Ich bin fassungslos und bestürzt. „Lieber
Gott, da kommen wir zu dir, und dann so was…“, denke ich.
Die Polizei kommt und nimmt alles zur Anzeige auf. Zum Glück helfen mir liebe Menschen, den ersten Schock zu überwinden und erste Schritte einzuleiten – Bankkarte sperren, Scherben wegfegen. Ich bin nicht allein. Das tut so gut. Und auch die Polizei ist mir wohlgesonnen und gibt mir Tipps für ein weiteres Vorgehen.
Zuhause
angekommen versuche ich die restlichen Dinge zu regeln und immer noch bin ich
fassungslos, dass mir so etwas passiert. Ich habe jetzt so viel Arbeit und ich
will doch bald ins Ausland, da brauche ich den Personalausweis. Und dann
begegnen mir die beiden Ukrainerinnen, die momentan noch bei mir leben. Ich
relativiere. Mir sind nur Sachen gestohlen worden, die ich wiederbeschaffen
kann. Klar kostet ein neues Handy Geld und das Bargeld ist auch weg, ich
brauche eine neue Scheibe, neue Ausweise, Führerschein und und und… aber ich
kann es bekommen. Den Kindern geht es gut, mir geht es gut. Was ist das im
Vergleich zu dem, was meine beiden wunderbaren Mitbewohnerinnen aus
Dnijpro
zurücklassen mussten und
vielleicht nie wieder ersetzt bekommen. Vielleicht wird ihr Haus zerstört,
vielleicht sehen sie ihre Familie in der Ukraine nie wieder? DAS ist
entsetzlich und unfassbar.
Vieles,
was in unserem Alltag ärgerlich ist, ist eben nur das: ärgerlich. Es ist nicht
lebensbedrohlich und oft auch nicht existenzbedrohlich. Wir verwenden oft viel
Energie darauf, uns über Dinge zu beschweren, die zu ersetzen sind, ohne die
wir auch mal leben können. Zumindest für eine Weile (da denke ich mal an mein
Handy). Es gibt eine Menge Menschen, bei denen es um viel mehr geht als
Arbeitsaufwand und Bequemlichkeitsverlust.
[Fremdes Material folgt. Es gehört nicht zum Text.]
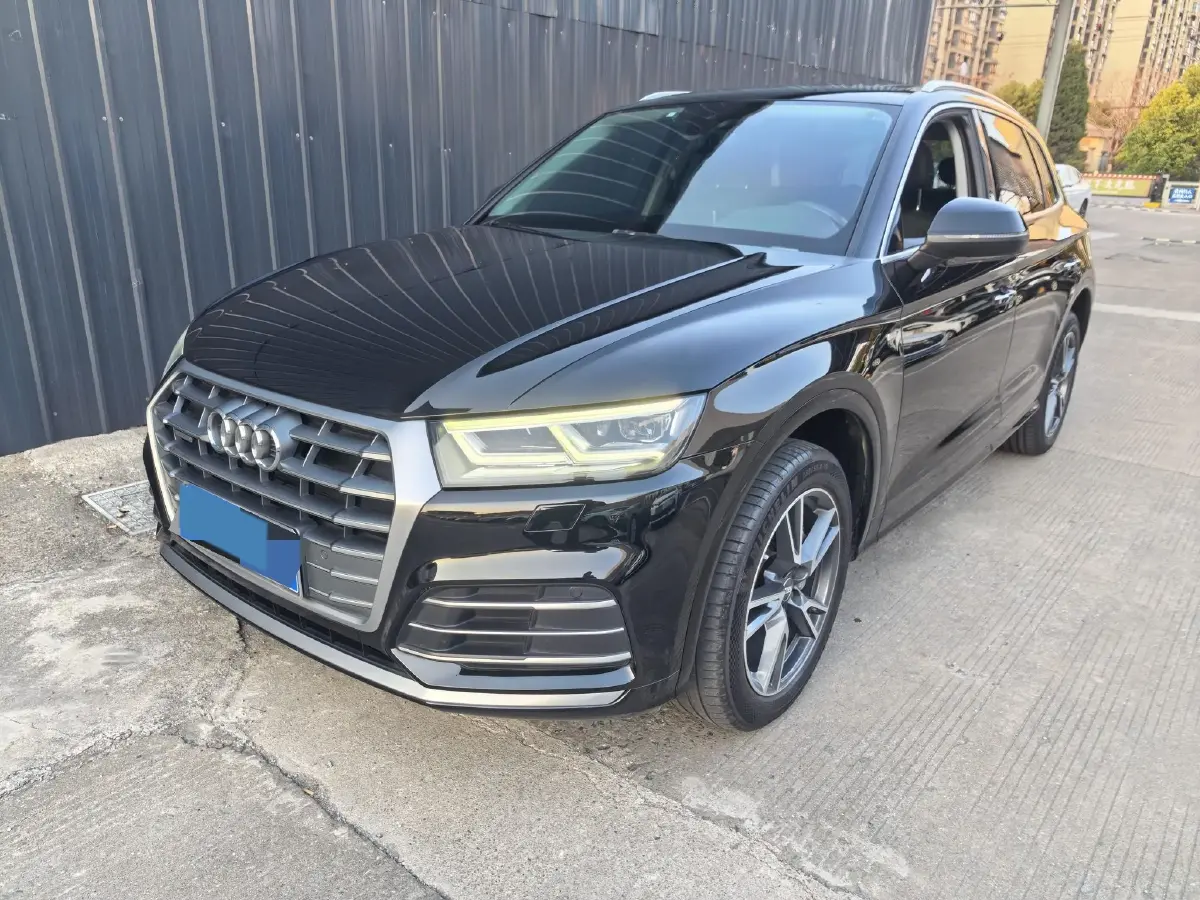 2020 Audi Q5L 2.0T 190HP L4 7DCT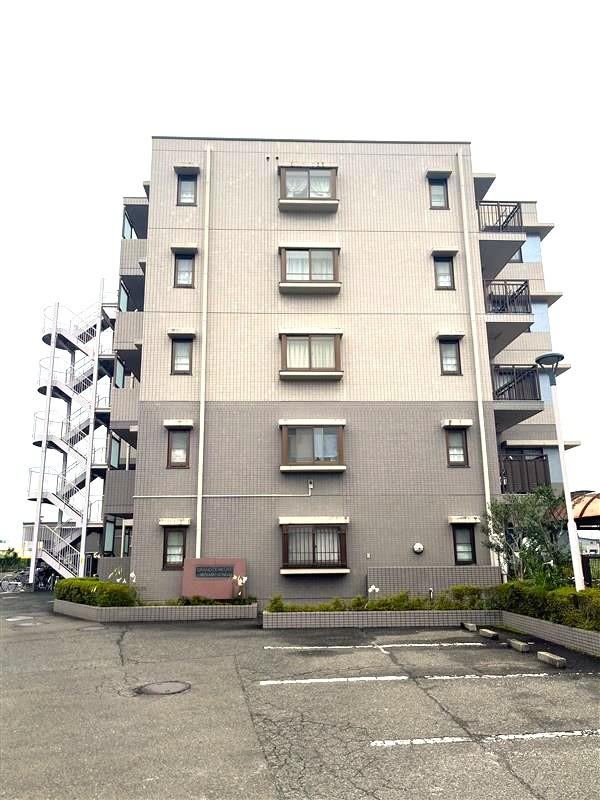 3LDK apartment in Taihaku Ward, Sendai, Miyagi - Photo 1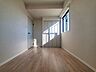 洋室：【Bedroom】主寝室や子ども部屋、在宅ワークにも使える洋室。暮らしに合わせて自由にレイアウトできます。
Angesichts des Krieges stelle ich mein Meckern ein. Ich werde stumm in
der Dankbarkeit für all das, was mir dieser Staat noch gibt – neue Ausweise,
Karten, Verträge, versicherte Glasscheiben. Lassen wir uns von solchen Dingen
nicht den Tag verderben.
Heute wird ein guter Tag. Ganz bestimmt. Egal was kommt.